How tired am I! Yesterday I slept for 1,5 hours and had a very intense working night. Hence, today I was so sleepy that I couldn’t resist more and came home at the expense of missing a speech of the head of architecture department. I was really wandering that. I guess I need to get into that much tiring and busy days.
I used to be that kind of girl who cares herself and setled it into daily routine. Nowadays the only “caring” factor that I’m doing is cleansing and fragrances which are totally a must for me (and I hope for you too!). However, my skin is screaming for help about dryness and teenager issues. Thanks god I have time for making outfits and clean my clothes(No, machines can’t do that for me. Half of my wardrobe requires hand-washing for wool and silk clothes, the other parts are already shirts, jeans and basics.)

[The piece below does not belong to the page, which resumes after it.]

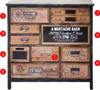A vintage-style apothecary cabinet with multiple drawers, each decorated with different patterns or labels. Podgląd zdjęcia produktu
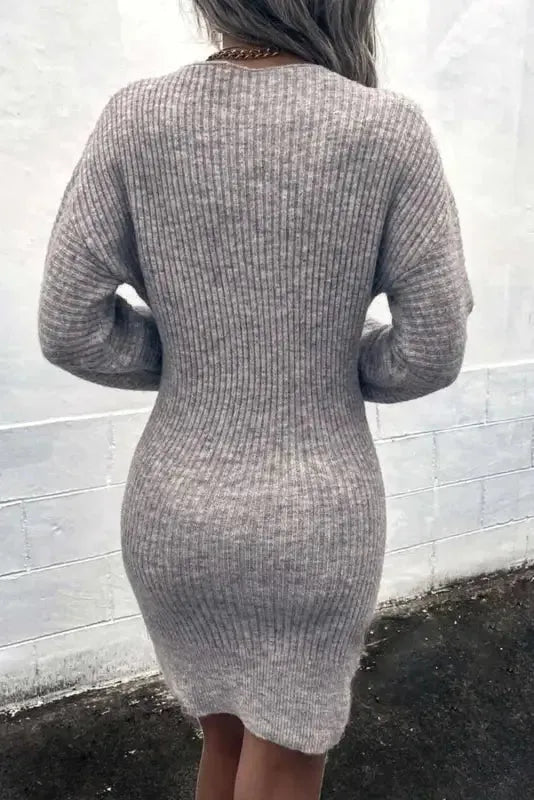 Gray V Neck Bodycon Sweater Dress - Fashionfitz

What I need from the new year is to throw my laziness away and adjust myself into my week-planner. Learning a new language is on the top of my “recent to do list”, hopefully I’ll make it real on january. Moreover I also want to do solfege exercises every day and read all the books I’ve bought (It’ll take so much time I guess). And documentary films! Yes! I have collected and bought a lot of them and they are winking me whenever we come across in my bedroom. Photography? I’m learning it by trying a lot with different lenses but it still needs an education part.
I hope it’s understood that why I’m not writing my fashion blog anymore. It needs continuity. My intention on this blog is writing continuously too but I’m trying my best. Furthermore I need something new. It doesn’t seem satisfying to do spors or playing instruments. It can be anything. I’m still on the searching and exploring part on the change of me. It can be anything, I don’t know. Something changed in my life but I remain the same but it’s not right for the position I exist.
Whatever… That’s all from me now. I decided about the posts I’m going to write, wish me more time for those posts to be written. Bye!